"We Don't Quite Know" About The Consequences Of Retail CBDCs: IMF Chief Admits

 Authored by Naveen Anthrapully via The Epoch Times,

Kristalina Georgieva, managing director of the International Monetary Fund (IMF), is warning that the world is heading toward a widespread adoption of central bank digital currencies (CBDC) without properly considering the risk factors involved.

“We are going in that direction,” Georgieva said about the adoption of CBDCs worldwide during a May 1 discussion Milken Institute 2023 Global Conference.

“What we are careful about is the choice between wholesale and retail CBDCs. We think that wholesale CBDCs can be put in place with fairly little space for undesirable surprises. Whereas retail CBDCs, they completely transform the financial system in a way that we don’t quite know what consequences it could bring.

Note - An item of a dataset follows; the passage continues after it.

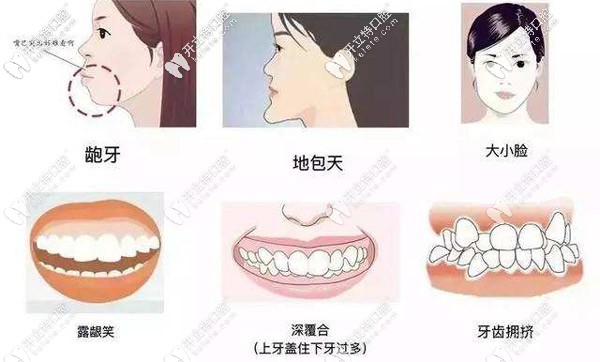 你是否有地包天、虎牙、齙牙、牙列不齊等牙齒問題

Wholesale CBDCs are meant to be used in interbank settlements as well as transactions between institutions and other market participants, while retail CBDCs are for use by the general population and other institutions.

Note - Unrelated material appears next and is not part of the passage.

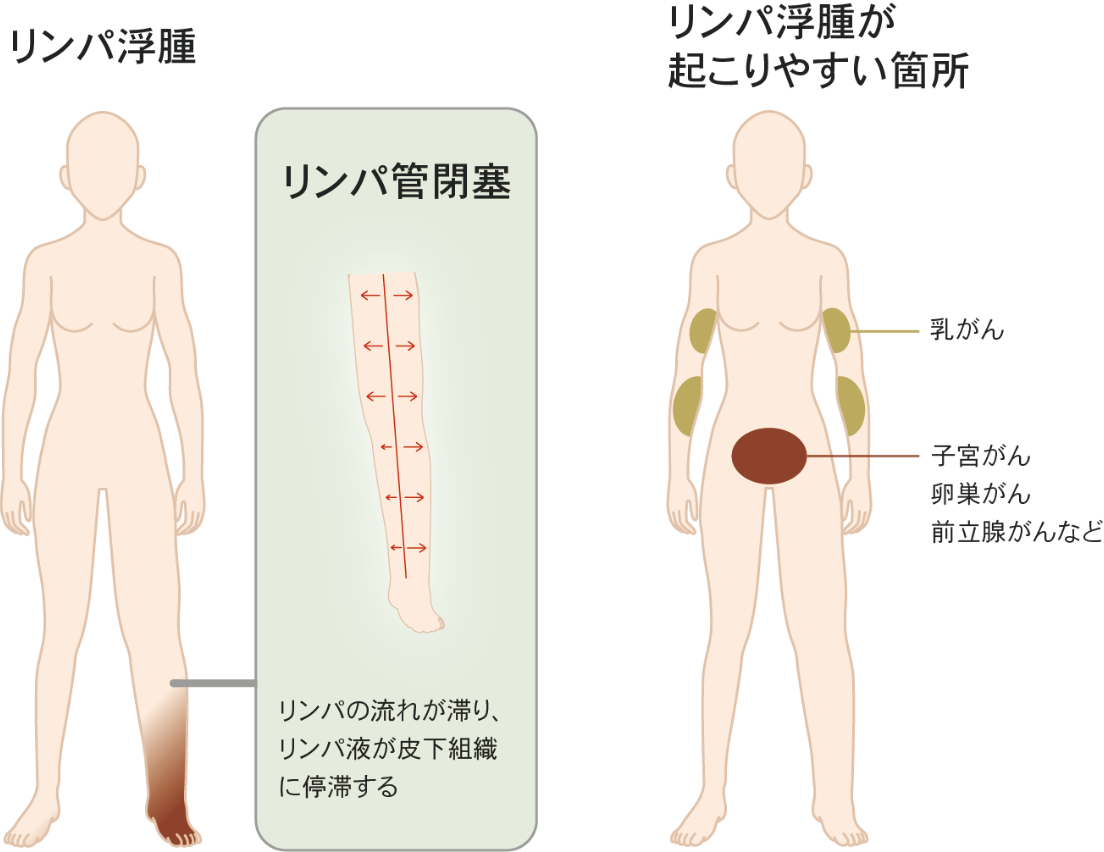 リンパ浮腫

A potential risk of retail CBDCs is that funds could get pulled out from traditional commercial banks and deposited as CBDCs in central banks. The depletion of deposits could affect the lending ability of commercial banks, possibly worsening the banking crisis.

Georgieva said that the IMF is working with around 50 countries on the issue of CBDCs.

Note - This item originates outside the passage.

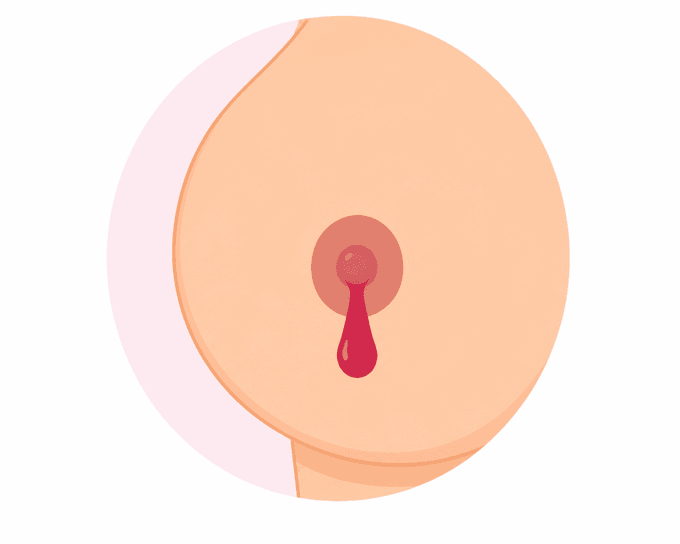 Nipple Discharge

“And I can tell you that we would see a very significant transformation that comes from CBDCs,” she said.

The IMF has “rapidly increased” its staff dealing with digital money as the organization believes this is the direction where the global economy is headed, and that the trend is “not going to be reversed.”

The organization has conducted a survey of its members and found that more than 110 nations are at some stage of developing CBDCs.

Georgieva pointed to the Bahamas as an example, where the central bank launched the Sand Dollar CBDC in 2020. In China, the government is running a CBDC pilot program that involves 118 million participants.


Regarding the United States, Georgieva noted that the country had not shown “great interest” in CBDCs for some time. But now, “there is an engagement.”

In March 2022, President Joe Biden signed an executive order that called for researching and developing a U.S. CBDC. However, there are presently no formal plans to launch an official digital currency.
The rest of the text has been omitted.